**ASSIGNED TASK:**
Full transcription, minus images: write out the listing below exactly as it appears.

**GIVEN INFORMATION:**
╭──
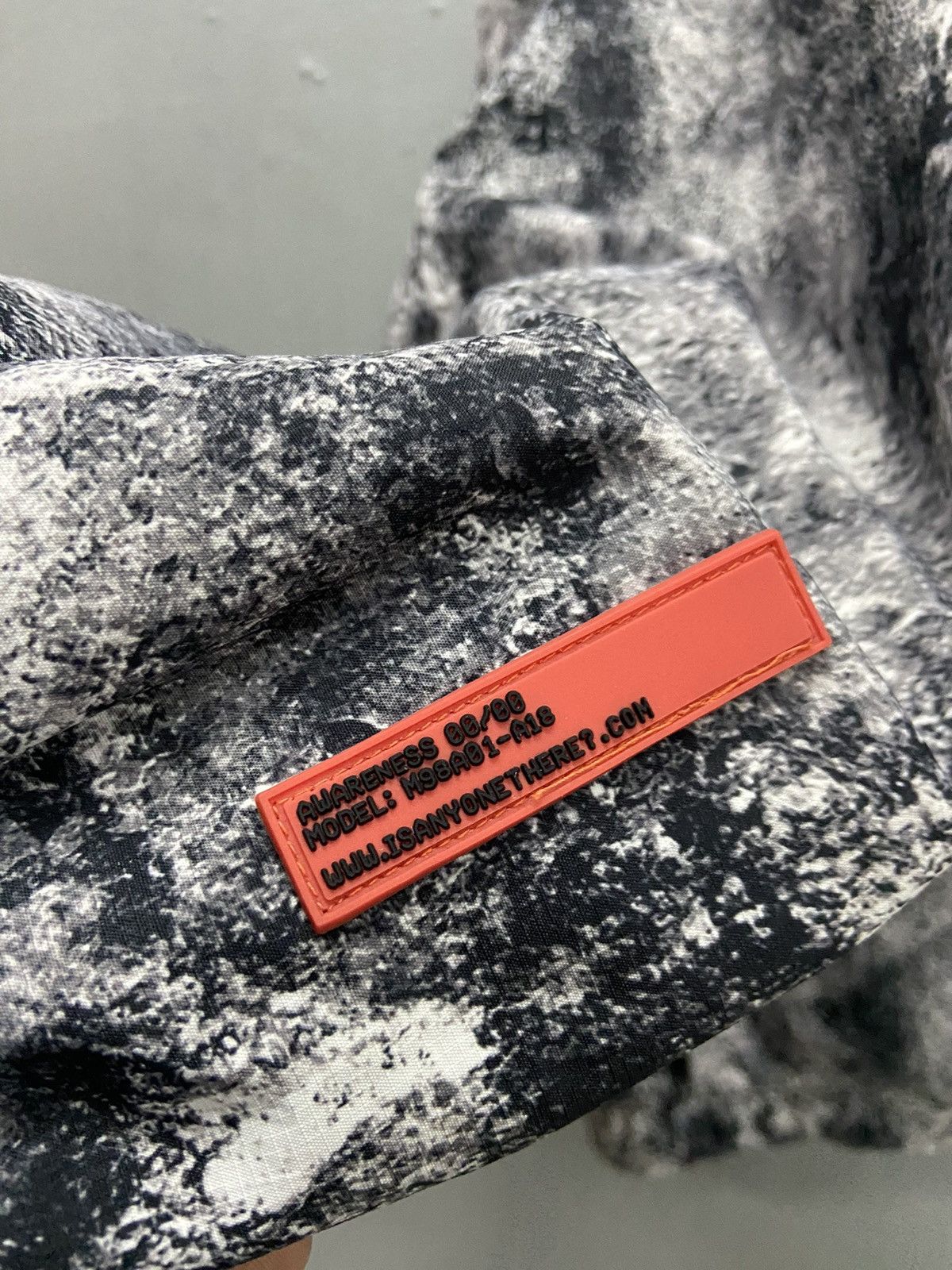 Bershka BERSHKA SYSTEM SCAN REVERSIBLE GORPCORE JACKET Size US M / EU 48-50 / 2 - 9 Thumbnail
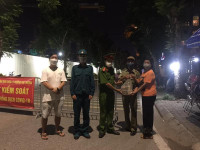 Hình ảnh về đêm ở chốt làm nhiệm vụ phòng chống Covid-19 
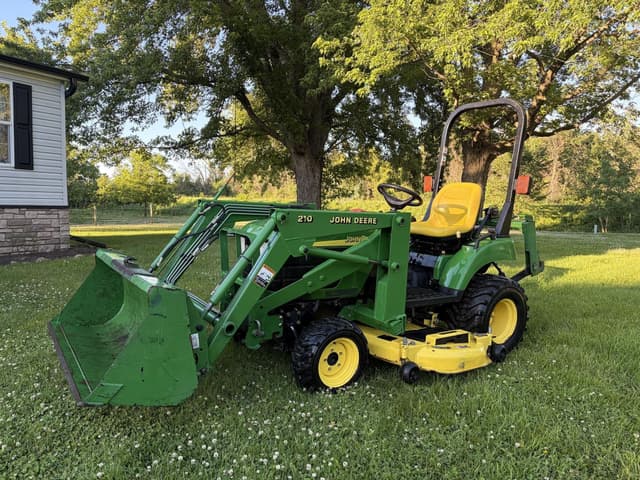 Image of John Deere 2210 equipment image 1
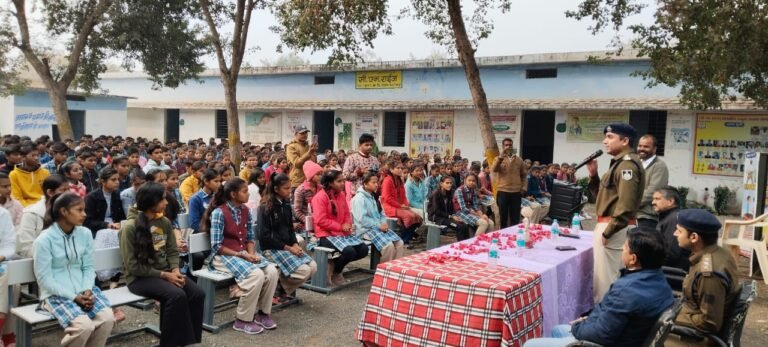 पुलिस अधीक्षक शिवपुरी द्वारा सीएम राइज स्कूल बदरवास में छात्र-छात्राओं से यातायात नियमों, साइबर सुरक्षा एवं महिला सुरक्षा पर संबाद कर किया जागरूक ।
╰──
**RESULT OF THIS EXERCISE:**
 Bershka BERSHKA SYSTEM SCAN REVERSIBLE GORPCORE JACKET Size US M / EU 48-50 / 2 - 9 Thumbnail
 Hình ảnh về đêm ở chốt làm nhiệm vụ phòng chống Covid-19 
 Image of John Deere 2210 equipment image 1
 पुलिस अधीक्षक शिवपुरी द्वारा सीएम राइज स्कूल बदरवास में छात्र-छात्राओं से यातायात नियमों, साइबर सुरक्षा एवं महिला सुरक्षा पर संबाद कर किया जागरूक ।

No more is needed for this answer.